Mar 18, 2013

Latency !


Video buffering or slow downloads? Blame the speed of light

Ars examines the business of bandwidth starting with the forgotten—latency.

by  – Mar 18 2013, 1:00pm GMT

Aurich Lawson

Bandwidth—the number of bits per second that a device or connection can transfer every second—is the number that everyone loves to talk about. Whether it be the gigabit per second that your Ethernet card does, boasting about your fancy new FTTP Internet connection at 85 megabits per second, or bemoaning the lousy 128 kilobits per second you get on hotel Wi-Fi, bandwidth gets the headlines.

Bandwidth isn’t, however, the only number that’s important when it comes to network performance. Latency—the time it takes the message you send to arrive at the other end—is also critically important. Depending on what you’re trying to do, high latency can make your network connections crawl, even if your bandwidth is abundant.

Why latency matters

It’s easy to understand why bandwidth is important. If a YouTube stream has a bitrate of 1Mb/s, it’s obvious that to play it back in real time, without buffering, you’ll need at least 1Mb/s of bandwidth. If the game you’re installing from Steam is about 3.6GB and your bandwidth is about 8Mb/s, it will take about an hour to download.

Latency issues can be a bit subtler. Some are immediately obvious; others are less so.

Nowadays, almost all international phone calls are typically placed over undersea cables, but not too long ago, satellite routing was common. Anyone who’s used one or seen one on TV will know that the experience is rather odd. Conversation takes on a disjointed character because of the noticeable delay between saying something and getting acknowledgement or a response from the person you’re talking to. Free-flowing conversation is impossible. That’s latency at work.

There are some applications, such as voice and video chatting, which suffer in exactly the same way as satellite calls of old. The time delay is directly observable, and it disrupts the conversation.

However, this isn’t the only way in which latency can make its presence felt; it’s merely the most obvious. Just as we acknowledge what someone is telling us in conversation (with the occasional nod of the head, “uh huh,” “go on,” and similar utterances), most Internet protocols have a similar system of acknowledgement. They don’t send a continuous never-ending stream of bytes. Instead, they send a series of discrete packets. When you download a big file from a Web server, for example, the server doesn’t simply barrage you with an unending stream of bytes as fast as it can. Instead, it sends a packet of perhaps a few thousand bytes at a time, then waits to hear back that they were received correctly. It doesn’t send the next packet until it has received this acknowledgement.

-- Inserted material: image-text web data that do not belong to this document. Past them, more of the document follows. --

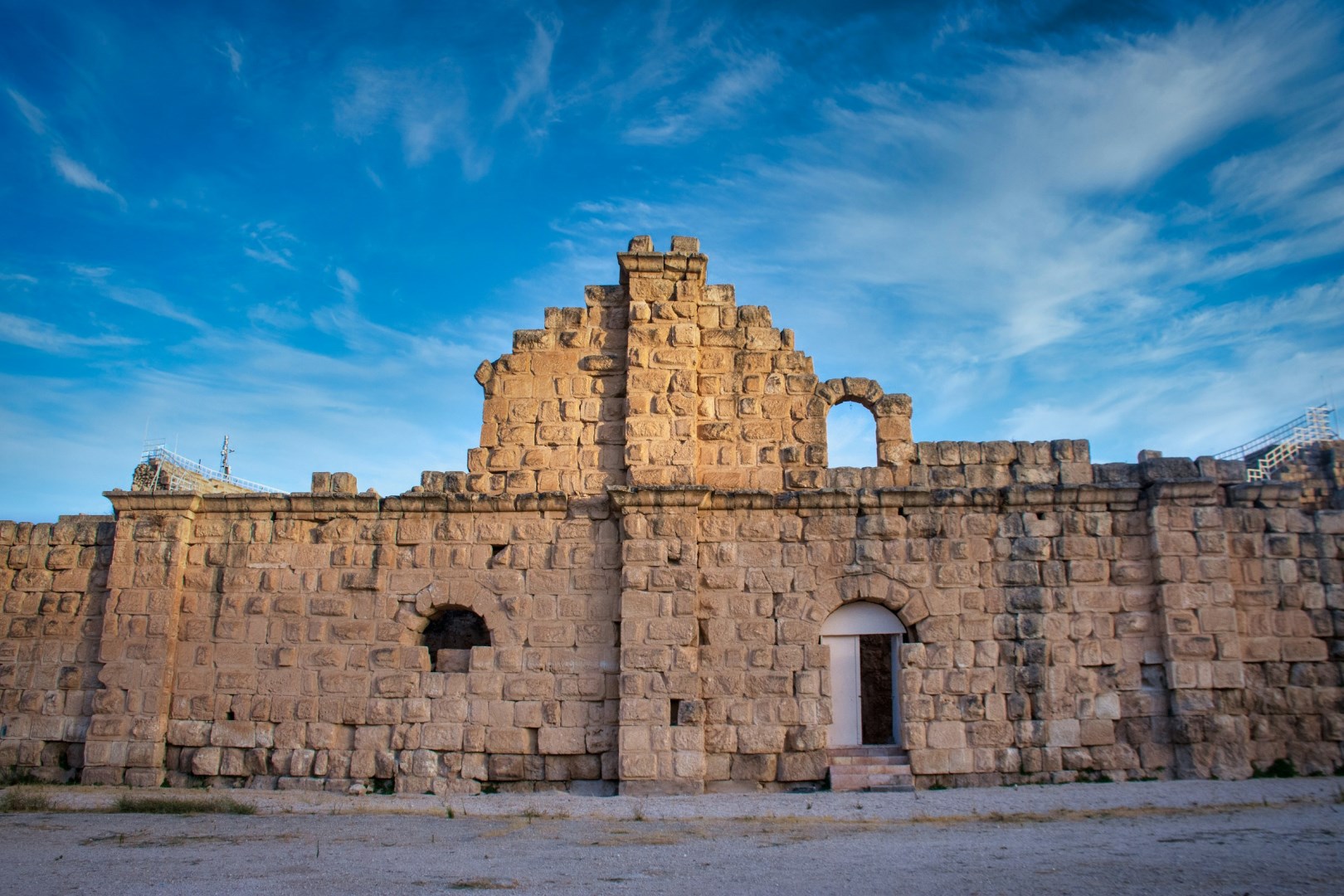  Photo Credit: Photo by Hisham Zayadneh on Unsplash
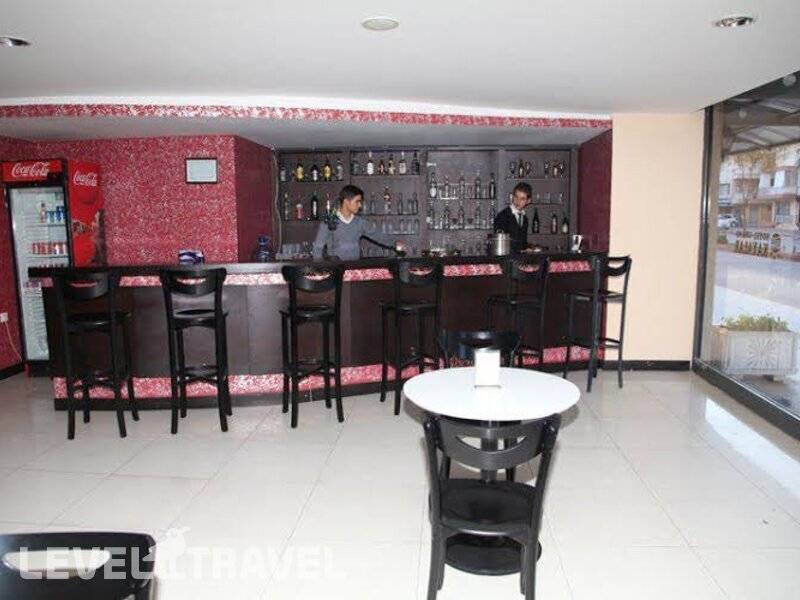 Фотография Grand Kayalar Hotel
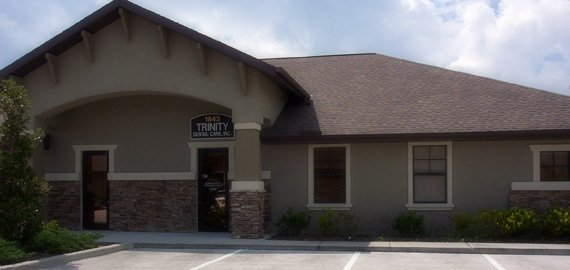 image of business Trinity Dental Care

Because of this two-way communication, latency can have a significant impact on a connection’s throughput. All the bandwidth in the world doesn’t help you if you’re not actually sending any data because you’re still waiting to hear back if the last bit of data you sent has arrived.

How latency works

It’s traditional to examine networks using a layered model that separates different aspects of the network (the physical connection, the basic addressing and routing, the application protocol) and analyze them separately. There are two models in wide use, a 7-layered one called the OSI model and a 4-layered one used by IP, the Internet Protocol. IP’s 4-layer model is what we’re going to talk about here. It’s a simpler model, and for most purposes, it’s just as good.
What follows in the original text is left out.